Bu konuda Hz. Peygamber Efendimiz ne güzel buyuruyor:
“İslâm, güzel ahlâktır.”
(Kenzü’l-Ummâl, III, 17, Hadis No: 5225.)
“Müslüman, insanların (o müslümanın) dilinden ve elinden emin olduğu kimsedir.”
(Tirmizî, Îmân, 12; Nesâî, Îmân, 8.)
Müslümanlar birbirinden emin olduğu zaman dünya cennet olur.
f) Müslüman olarak önce birbirimizi Allah için sevmek, birbirimize nasihat etmeyi ve nasihati dinlemeyi kabullenmek sonra kardeşimizi kendimize tercih etmek.
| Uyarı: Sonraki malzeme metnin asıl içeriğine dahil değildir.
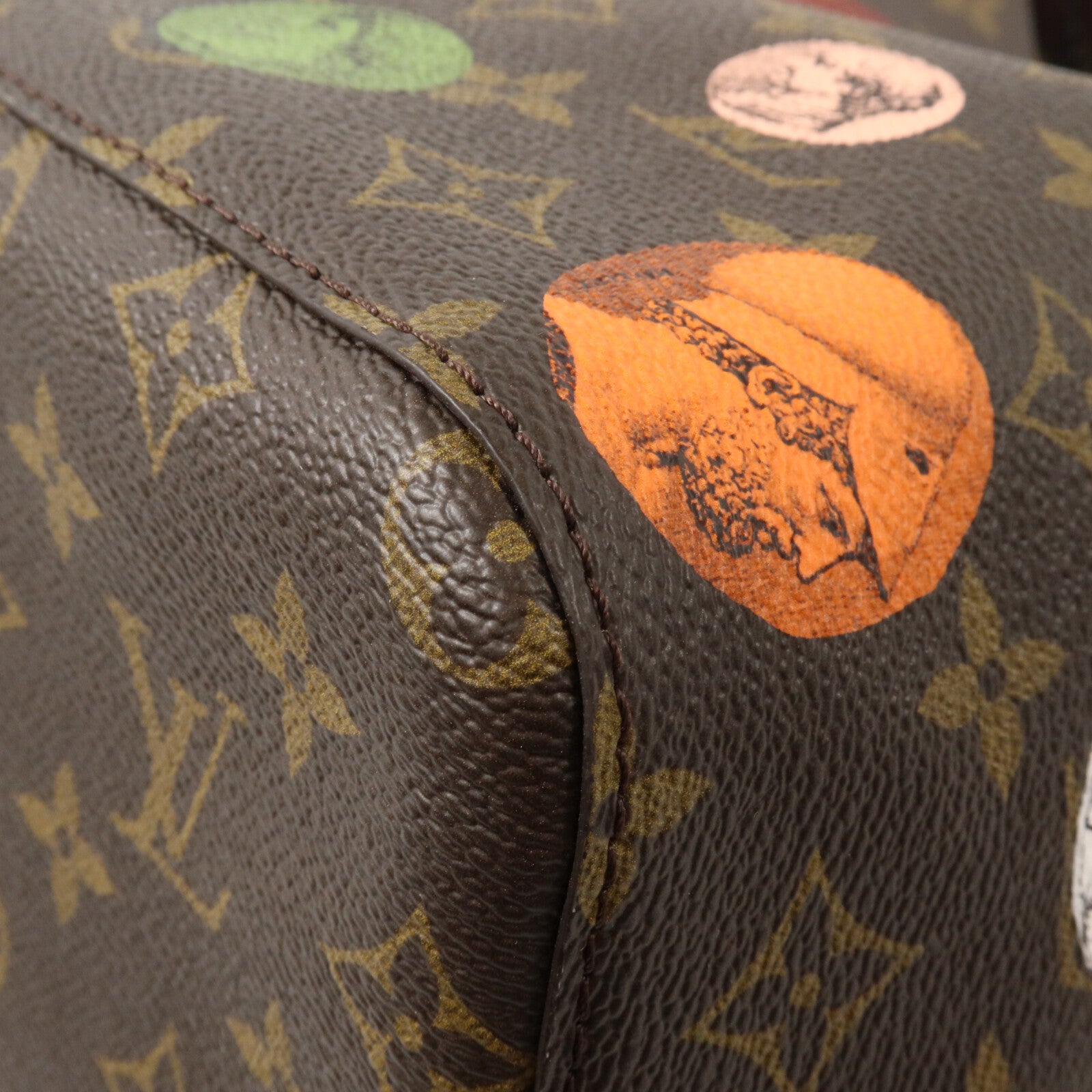 LOUIS VUITTON Monogram Formasetti Neo Noe MM肩背袋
g) Mutlak örnek olan Peygamberimizi, onu izleyen Sahabeyi, daha sonra günümüze kadar gelen büyükleri tanıyıp tanıtmak, örnekliklerini gündeme getirmek, günümüzde bulunan büyüklerimizin de kıymetini istifade ederek ortaya koymak.
h) Sadece maddeye önem veren değil hem maddî hem manevî yönden kalkınmaya önem veren, kökü mazide olan âtî bir neslin yetişmesi için halkın bu anlayışa sahip çıkmasını sağlamak.
i) Toplumda ehliyeti, adâleti ve hakkın hâkimiyetini tesis etmeye; kardeşliği ve huzuru bozanlara müsamaha etmemeye, belki cezalandırılmalarını sağlamaya çalışmak.